Does copyright subsist within AI artworks?
First, is it an artistic work, as protected by the Act? That question overlaps with the following questions:
Second, do AI generated artworks meet the test for originality as set out in the IceTV case?
In our view, the ‘independent intellectual effort’ test set out in the IceTV case does not set a particularly high bar for originality. Entering text into an artwork generator does not require the same level of creativity as being able to paint an artwork, but still requires a level of independent intellectual effort which may, in appropriate cases, be sufficient to meet this test.

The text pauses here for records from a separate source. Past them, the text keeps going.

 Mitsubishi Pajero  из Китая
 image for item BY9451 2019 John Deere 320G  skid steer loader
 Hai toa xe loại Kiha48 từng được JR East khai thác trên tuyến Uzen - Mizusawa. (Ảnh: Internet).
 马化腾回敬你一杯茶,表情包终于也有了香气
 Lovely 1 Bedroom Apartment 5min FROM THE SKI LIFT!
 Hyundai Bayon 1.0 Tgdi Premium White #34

We expect that originality would be considered on a case by case basis, depending on the level of effort that a creator puts into the generation of an artwork. For example, if you enter the word “house”, an AI artwork generator might create the following:
If you enter “Red brick house within a forest with roses on the front lawn in the style of Vincent Van Gogh trending on Artstation”, it might create the following:
Arguably, the level of intellectual effort varied between these two outputs. However, the output arguably remains similar. Accordingly, when determining originality, Courts are likely to need to grapple with two distinct issues:
- First, should a creator who only enters a single word into the program be entitled to receive copyright protection over the creation when compared to a creator who enters a complicated string of words into the generator and who then proceeds to refine their creation until they are satisfied with the output?

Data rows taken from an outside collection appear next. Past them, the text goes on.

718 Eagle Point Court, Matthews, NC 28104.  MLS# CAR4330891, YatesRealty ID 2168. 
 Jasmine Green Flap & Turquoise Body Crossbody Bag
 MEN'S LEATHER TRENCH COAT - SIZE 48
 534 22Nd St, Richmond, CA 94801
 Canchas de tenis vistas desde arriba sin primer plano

- Second, given the above images, to what extent will a court determine that the instructions given by a creator have a sufficient bearing on the generation of the artwork? A court is unlikely to be confident as to what bearing (if any) the instructions have on the AI and its approach to preparing the Artwork without significant expert evidence and examples to show that the independent intellectual effort test has been met.
Second, is there sufficient human involvement in the creation of an AI artwork to constitute human authorship? The Phone Directories case seems to suggest that a copyright claim over AI generated artwork is likely to fail in Australia, just like in the US.
However, when you consider the Full Federal Court’s reasoning, there are some clear differences in the process which was used to generate the phone directories compared to the process for creating an AI artwork. For instance, in the Phone Directories case, human contribution only occurred in the later stages of the development of the phone directories. Humans did not direct the machines in the creation of the work, and no person involved in the development saw the final product.
This process can be contrasted with the process used to generate an AI artwork. In the case of AI generated art, the creator provides initial instructions for the specifications of the artwork and is able to provide additional instructions to modify the artwork, if they are not satisfied with the initial versions created by the AI. In this way, the human ‘artist’ is involved with the creation of the art at all steps of the process. It is entirely possible that this process demonstrates sufficient human involvement so as to meet the human authorship requirement.
Where do we go from here?
Ultimately, the only way that the ambiguous situation in Australia can be resolved with any certainty is through a legislative amendment, such as that passed in the UK, or through a test case by a superior Court involving and considering AI generated artwork and the application of copyright principles.
Until this time, we can only speculate on the approach which the Court would take to resolve this issue.
One thing is for certain, this is more than just a rehash of principles set out in IceTV or the Phone Directories case.
 IceTV Pty Limited v Nine Network Australia Pty Limited (2009) 239 CLR 458 36.
 Ibid 131.
 Ibid 48.
 Ibid 151.
 Telstra Corp Ltd v Phone Directories Co Pty Ltd  FCAFC 149 59.